The author describes separating the application from the architecture, and while I've done this before in software on several levels, I never considered removing the application completely from the compiled software and driving application behavior from what the author calls "external structural and behavioral metadata". Using the same binary program to support multiple applications without recompiling a single line of code? Perhaps without recompiling on each and every application release, which makes perfect sense. However, he avoids rebuild for complex screen-level changes, too (even cosmetics). Not too shabby.

The project examples are pretty hot - I can see how he could suggest compiling software only once and doing high-speed application re-delivery with this as a foundation. We deploy software nationally for retail point-of-sale systems and are moving into wireless hand-helds, so the prospect of delivering application-level changes without new compiled binaries is quite intriguing.

His "toolkit" includes a linked-list manager (Iterator) which by the author's own confession is not new, but does provide some rather interesting twists on data organization. The linked-list as binary tree is of particular interest, since it eliminates linear searching of large data sets. The XML support is good, and I like the ability to build a very complex custom structure, reduce it to XML, then reconstruct it from XML again.
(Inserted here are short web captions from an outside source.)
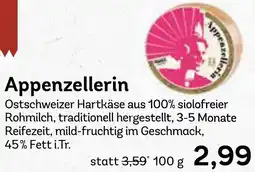 AEZ Appenzeller Angebot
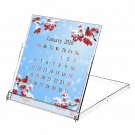 2026 CD-Style Desk Calendar 12 Months Calendar/Planner / (Edition #016) 2026 CD-Style Desk Calendar 12 Months Calendar/Planner / (Edition #016)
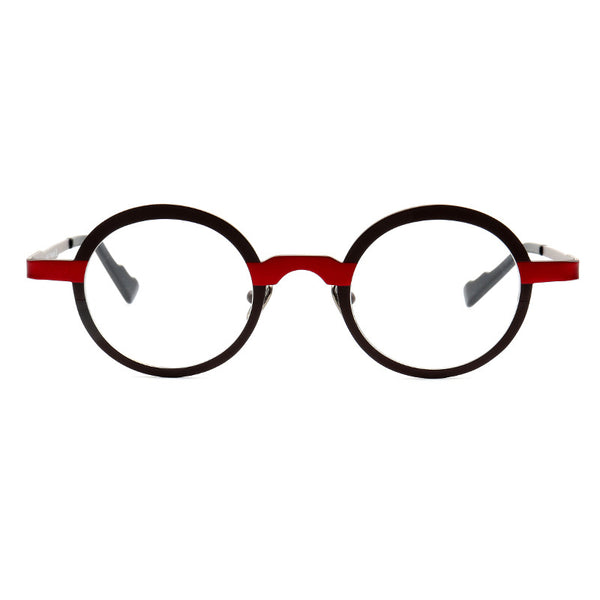 Round Glasses A3844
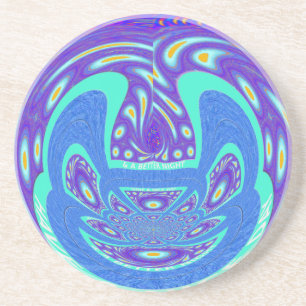 Have a Happy Day Coaster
This has significant implications for our XML -based applications that don't talk to each other any other way, and don't support or co-habitate with the .NET XML subsystem. I can see how using this functionality at a lower level could allow two otherwise closed systems to share common structures, or save the structure to a database as XML text for a very advanced version of behavioral persistence.

I would suggest using this structure for XML support but not for an XML foundation. I think the author *likely* would agree that available XML-support components are an adaptable technology in their own right, but would fit right into his component model like any other. Again, I like the flexibility, especially since our internet servers are all Unix and Linux portals.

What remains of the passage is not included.